▸ **Work instructions**: All of the data is to be repeated verbatim.

(Records from a data collection)
· · · ·

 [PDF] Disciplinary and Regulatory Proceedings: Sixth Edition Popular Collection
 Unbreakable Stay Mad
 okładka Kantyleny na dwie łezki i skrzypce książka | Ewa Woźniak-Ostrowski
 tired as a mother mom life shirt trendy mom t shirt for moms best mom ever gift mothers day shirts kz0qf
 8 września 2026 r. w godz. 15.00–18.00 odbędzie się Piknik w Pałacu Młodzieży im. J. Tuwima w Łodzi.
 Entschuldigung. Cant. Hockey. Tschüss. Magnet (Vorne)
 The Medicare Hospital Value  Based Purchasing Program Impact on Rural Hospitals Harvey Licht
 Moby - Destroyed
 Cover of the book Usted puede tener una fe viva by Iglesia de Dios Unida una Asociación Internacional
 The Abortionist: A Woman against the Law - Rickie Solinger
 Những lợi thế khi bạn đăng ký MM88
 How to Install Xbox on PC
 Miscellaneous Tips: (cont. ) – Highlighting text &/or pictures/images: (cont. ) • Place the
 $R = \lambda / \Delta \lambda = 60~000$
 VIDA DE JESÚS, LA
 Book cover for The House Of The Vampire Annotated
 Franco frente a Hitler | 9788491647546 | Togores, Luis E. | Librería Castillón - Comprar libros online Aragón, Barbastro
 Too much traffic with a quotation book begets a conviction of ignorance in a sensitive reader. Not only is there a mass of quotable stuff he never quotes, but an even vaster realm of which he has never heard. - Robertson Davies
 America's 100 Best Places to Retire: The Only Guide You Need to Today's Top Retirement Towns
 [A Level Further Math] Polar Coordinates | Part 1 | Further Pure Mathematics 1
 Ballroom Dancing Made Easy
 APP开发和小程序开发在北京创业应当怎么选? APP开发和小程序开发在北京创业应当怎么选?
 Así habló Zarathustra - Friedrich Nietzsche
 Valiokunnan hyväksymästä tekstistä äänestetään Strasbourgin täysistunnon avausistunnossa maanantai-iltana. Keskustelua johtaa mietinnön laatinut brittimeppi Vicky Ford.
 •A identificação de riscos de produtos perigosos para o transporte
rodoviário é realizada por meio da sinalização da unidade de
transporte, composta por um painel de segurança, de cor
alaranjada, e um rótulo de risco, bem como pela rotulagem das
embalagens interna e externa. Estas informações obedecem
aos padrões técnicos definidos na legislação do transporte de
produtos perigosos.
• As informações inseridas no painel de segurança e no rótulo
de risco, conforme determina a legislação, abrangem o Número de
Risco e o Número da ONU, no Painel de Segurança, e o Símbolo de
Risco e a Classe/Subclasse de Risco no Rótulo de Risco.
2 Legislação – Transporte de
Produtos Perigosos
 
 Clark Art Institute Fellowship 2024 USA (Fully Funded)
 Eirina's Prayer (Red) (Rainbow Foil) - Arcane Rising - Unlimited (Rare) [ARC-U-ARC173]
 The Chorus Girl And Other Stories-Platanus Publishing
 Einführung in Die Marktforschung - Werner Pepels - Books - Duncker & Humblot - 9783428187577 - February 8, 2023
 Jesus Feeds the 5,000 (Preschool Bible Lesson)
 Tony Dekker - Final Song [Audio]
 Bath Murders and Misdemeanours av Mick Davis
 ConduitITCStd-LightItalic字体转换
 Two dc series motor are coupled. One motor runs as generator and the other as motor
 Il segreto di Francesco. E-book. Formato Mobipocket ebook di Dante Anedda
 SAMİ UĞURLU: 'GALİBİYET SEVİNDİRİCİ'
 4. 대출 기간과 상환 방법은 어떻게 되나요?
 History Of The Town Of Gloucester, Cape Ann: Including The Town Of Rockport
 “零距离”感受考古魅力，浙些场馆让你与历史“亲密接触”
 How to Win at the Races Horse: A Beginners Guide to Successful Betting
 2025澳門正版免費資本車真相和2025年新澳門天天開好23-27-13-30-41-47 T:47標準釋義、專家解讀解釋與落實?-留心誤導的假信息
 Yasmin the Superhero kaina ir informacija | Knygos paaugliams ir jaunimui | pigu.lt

· · · ·

▸ **Exercise output**:
 [PDF] Disciplinary and Regulatory Proceedings: Sixth Edition Popular Collection
 Unbreakable Stay Mad
 okładka Kantyleny na dwie łezki i skrzypce książka | Ewa Woźniak-Ostrowski
 tired as a mother mom life shirt trendy mom t shirt for moms best mom ever gift mothers day shirts kz0qf
 8 września 2026 r. w godz. 15.00–18.00 odbędzie się Piknik w Pałacu Młodzieży im. J. Tuwima w Łodzi.
 Entschuldigung. Cant. Hockey. Tschüss. Magnet (Vorne)
 The Medicare Hospital Value  Based Purchasing Program Impact on Rural Hospitals Harvey Licht
 Moby - Destroyed
 Cover of the book Usted puede tener una fe viva by Iglesia de Dios Unida una Asociación Internacional
 The Abortionist: A Woman against the Law - Rickie Solinger
 Những lợi thế khi bạn đăng ký MM88
 How to Install Xbox on PC
 Miscellaneous Tips: (cont. ) – Highlighting text &/or pictures/images: (cont. ) • Place the
 $R = \lambda / \Delta \lambda = 60~000$
 VIDA DE JESÚS, LA
 Book cover for The House Of The Vampire Annotated
 Franco frente a Hitler | 9788491647546 | Togores, Luis E. | Librería Castillón - Comprar libros online Aragón, Barbastro
 Too much traffic with a quotation book begets a conviction of ignorance in a sensitive reader. Not only is there a mass of quotable stuff he never quotes, but an even vaster realm of which he has never heard. - Robertson Davies
 America's 100 Best Places to Retire: The Only Guide You Need to Today's Top Retirement Towns
 [A Level Further Math] Polar Coordinates | Part 1 | Further Pure Mathematics 1
 Ballroom Dancing Made Easy
 APP开发和小程序开发在北京创业应当怎么选? APP开发和小程序开发在北京创业应当怎么选?
 Así habló Zarathustra - Friedrich Nietzsche
 Valiokunnan hyväksymästä tekstistä äänestetään Strasbourgin täysistunnon avausistunnossa maanantai-iltana. Keskustelua johtaa mietinnön laatinut brittimeppi Vicky Ford.
 •A identificação de riscos de produtos perigosos para o transporte
rodoviário é realizada por meio da sinalização da unidade de
transporte, composta por um painel de segurança, de cor
alaranjada, e um rótulo de risco, bem como pela rotulagem das
embalagens interna e externa. Estas informações obedecem
aos padrões técnicos definidos na legislação do transporte de
produtos perigosos.
• As informações inseridas no painel de segurança e no rótulo
de risco, conforme determina a legislação, abrangem o Número de
Risco e o Número da ONU, no Painel de Segurança, e o Símbolo de
Risco e a Classe/Subclasse de Risco no Rótulo de Risco.
2 Legislação – Transporte de
Produtos Perigosos
 
 Clark Art Institute Fellowship 2024 USA (Fully Funded)
 Eirina's Prayer (Red) (Rainbow Foil) - Arcane Rising - Unlimited (Rare) [ARC-U-ARC173]
 The Chorus Girl And Other Stories-Platanus Publishing
 Einführung in Die Marktforschung - Werner Pepels - Books - Duncker & Humblot - 9783428187577 - February 8, 2023
 Jesus Feeds the 5,000 (Preschool Bible Lesson)
 Tony Dekker - Final Song [Audio]
 Bath Murders and Misdemeanours av Mick Davis
 ConduitITCStd-LightItalic字体转换
 Two dc series motor are coupled. One motor runs as generator and the other as motor
 Il segreto di Francesco. E-book. Formato Mobipocket ebook di Dante Anedda
 SAMİ UĞURLU: 'GALİBİYET SEVİNDİRİCİ'
 4. 대출 기간과 상환 방법은 어떻게 되나요?
 History Of The Town Of Gloucester, Cape Ann: Including The Town Of Rockport
 “零距离”感受考古魅力，浙些场馆让你与历史“亲密接触”
 How to Win at the Races Horse: A Beginners Guide to Successful Betting
 2025澳門正版免費資本車真相和2025年新澳門天天開好23-27-13-30-41-47 T:47標準釋義、專家解讀解釋與落實?-留心誤導的假信息
 Yasmin the Superhero kaina ir informacija | Knygos paaugliams ir jaunimui | pigu.lt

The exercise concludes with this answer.